AMD EPYC 3251 vs Xeon D-2143! Review of the ASRockRack EPYC3251D4I-2T mini-ITX motherboard

I was really looking forward to testing the AMD EPYC 3000, and here’s why: the EPYC 7000 series processors, both on the first - generation core (Naples) and the second-generation core (Rome), are a real hit and a breakthrough in the world of cloud computing and virtualization. But not a single cloud lives a person, and for dedicated network gateways, NAS-s, various security systems or for peripheral computing, 32 cores-a clear bust. In such tasks, rarely anyone loads more than 4 cores, and compactness and the ability to work well, literally under the feet of the sysadmin, and not in a room with air conditioning - are qualities for which customers pay money. Intel has a wonderful Xeon D processor for these tasks, on which you can produce just freaky compact, but very powerful motherboards of the Mini-ITX format. There are 16 threads, and 10GBASE-T Ethernet controllers, and Oculink ports for SATA or PCI-E drives, and M. 2 slots: well, just everything you need for Edge Computing.
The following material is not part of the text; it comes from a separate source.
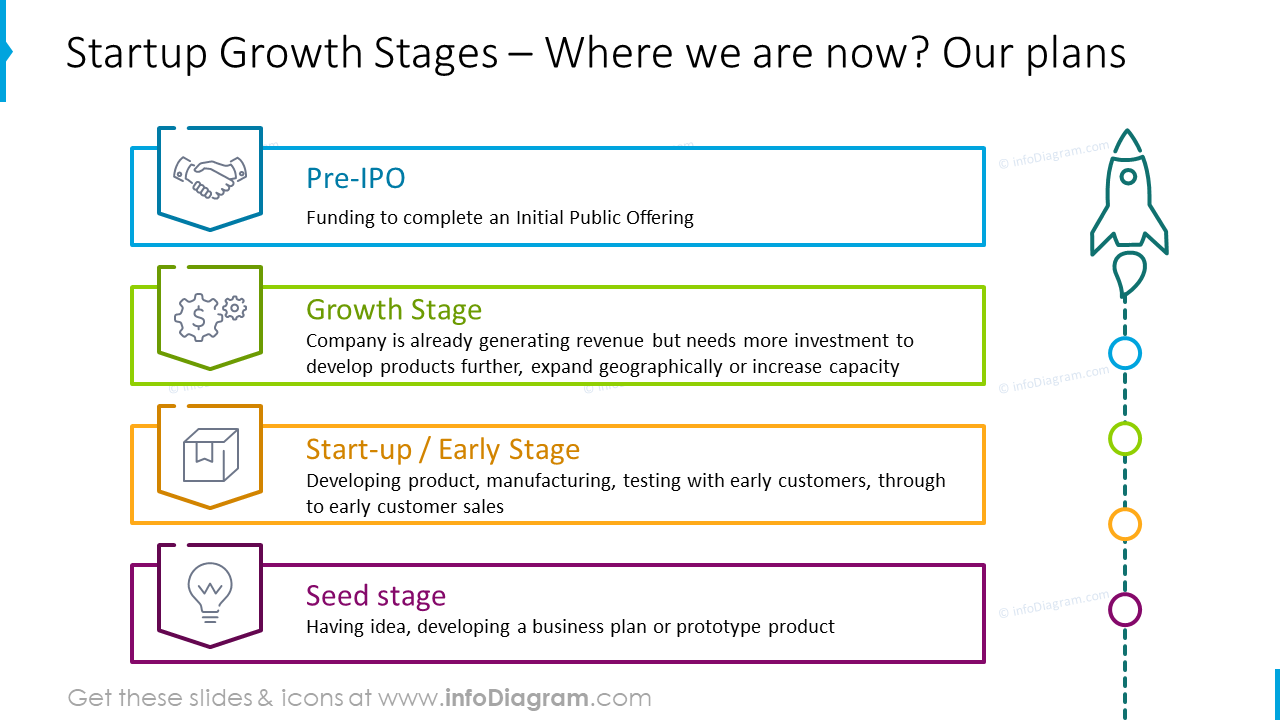 Plans: Startup growth stages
And if Intel is in a very advantageous situation, could do such a miracle as Xeon D, all AMD need is just to cut off the single crystal from chiplet your EPYC 7000, solder the legs to it - and get EPYC 3251: the same 16 threads, same SoC, only this processor was born in a family where the word “security” is not an empty phrase, but means you are not afraid of the attack on the microcode and medicines from them, slowing down the speed of the host.

Specification Xeon D-2143IT EPYC 3251
Number of Cores 8 8
Number of Threads 16 16
Lithography, nM 14 14
L2 Cache, Mb 4
L3 Cache, Mb 11 (L2+L3) 16
TDP, Wt 65 55
Base Frequency, GHz 2.2 2.5
Turbo Frequency, GHz 3.0 3.1
Memory subsystem
Number of memory Channels 4 2
Max. Frequency of DRAM, MHz 2133 2666

We have a motherboard that reveals the whole essence of an integrated processor with TDP 55 Wt. In the Mini-ITX format, the ASRockrack EPYC3251D4I-2T model has a pair of 10-Gigabit copper interfaces, supports up to 256 GB of RAM, and on conventional RDIMM modules, and not on expensive LRDIMM. If you want to save even more, you can use desktop “non-ECC” memory.

As you can see, in the RAM area, the differences between the EPYC 3251 and the Xeon D-2143 are very significant: AMD has fewer channels, but higher frequency, plus the ability to use desktop RAM.

Network Subsystem

ASRockRack has not indulged customers with a large number of network ports for a long time, believing that the built-in 20 gigabits/s will be enough for any needs. In addition, using these ports in out-of-band mode, you can access the IPMI interface of the motherboard, if for some reason you do not want to use a dedicated network port. Interestingly, a separate Intel X550-T2 controller is used for the network, rather than a built-in AMD processor. This should increase compatibility with capricious software, especially in features like SR-IOV.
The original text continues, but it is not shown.